The discovery unveils two massive planets, akin to our own Saturn, orbiting a star approximately 700 light-years away. The outer planet boasts an extraordinary year length of 483 days, a record identified by NASA’s TESS (the Transiting Exoplanet Survey Satellite) and stands out as one of the coldest in the exoplanet catalog.

Key Facts: Named TOI-4600 b and c, these planets hold significance for astronomers probing the formation and evolution of large, gaseous planets. Bridging the knowledge gap between our solar system’s gas giants and the “hot Jupiters” observed elsewhere in the galaxy, these discoveries contribute essential data to our understanding of planetary diversity and evolution.

In the extensive search for exoplanets spanning decades, over 5,500 confirmed planets have been discovered within the Milky Way, a galaxy likely hosting hundreds of billions. However, the prevalent detection method predominantly uncovers “long period” planets, characterized by years lasting 50 days or more. This technique, known as the transit method, focuses on detecting shadows as planets pass in front of their stars, favoring those with shorter orbits. Spaceborne telescopes like TESS, reliant on this method, have spearheaded exoplanet detections, yet the challenge intensifies with longer orbits.

A study from September 2023, utilizing TESS data, identified TOI-4600 b and c with extended orbits of 83 and 483 days, respectively.
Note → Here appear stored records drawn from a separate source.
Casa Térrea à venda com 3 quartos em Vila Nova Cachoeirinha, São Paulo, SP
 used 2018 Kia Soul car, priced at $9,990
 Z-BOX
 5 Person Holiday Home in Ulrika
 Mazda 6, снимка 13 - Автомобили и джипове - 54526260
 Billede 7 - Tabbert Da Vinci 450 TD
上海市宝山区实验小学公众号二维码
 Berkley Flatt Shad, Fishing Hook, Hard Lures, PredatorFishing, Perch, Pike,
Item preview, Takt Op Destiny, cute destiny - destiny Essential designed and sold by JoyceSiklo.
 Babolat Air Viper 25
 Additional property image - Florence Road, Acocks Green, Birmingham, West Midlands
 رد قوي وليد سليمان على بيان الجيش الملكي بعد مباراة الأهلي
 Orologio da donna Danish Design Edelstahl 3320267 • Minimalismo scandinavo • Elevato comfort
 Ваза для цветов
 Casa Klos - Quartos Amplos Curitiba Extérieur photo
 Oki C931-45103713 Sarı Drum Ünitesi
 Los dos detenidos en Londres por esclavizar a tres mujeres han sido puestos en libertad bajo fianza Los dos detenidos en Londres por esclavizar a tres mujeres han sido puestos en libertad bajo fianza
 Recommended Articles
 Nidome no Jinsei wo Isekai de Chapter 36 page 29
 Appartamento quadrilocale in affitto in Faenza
Though seemingly modest compared to our solar system’s gas giants, Jupiter and Saturn, these planets present a potential wealth of data due to the rarity of detecting long-period exoplanets. Their unique orbits offer a promising opportunity to unveil atmospheric components of “temperate” gas giants, distinct from the scorching atmospheres observed in hot and warm Jupiters.

“Temperate” proves to be a relative term as TOI-4600 b and c, though not suitable vacation destinations, offer intriguing insights. TOI-4600 b, slightly smaller than Saturn and nearly seven times the width of Earth, maintains an estimated atmospheric temperature of 165 degrees Fahrenheit (74 Celsius). In contrast, Planet c, roughly the size of Saturn and over nine times Earth’s width, experiences an estimated temperature of minus 116 Fahrenheit (minus 82 Celsius), ranking among the coldest exoplanets detected by TESS.

The Discoverers: this remarkable find is credited to an international team, led by astronomer Ismael Mireles from the University of New Mexico. Their detailed exploration of TOI-4600 b and c, titled “TOI-4600 b and c: Two Long-period Giant Planets Orbiting an Early K Dwarf,” was published in “The Astrophysical Journal Letters” in September 2023, showcasing the collaborative efforts that unveiled these distant giants.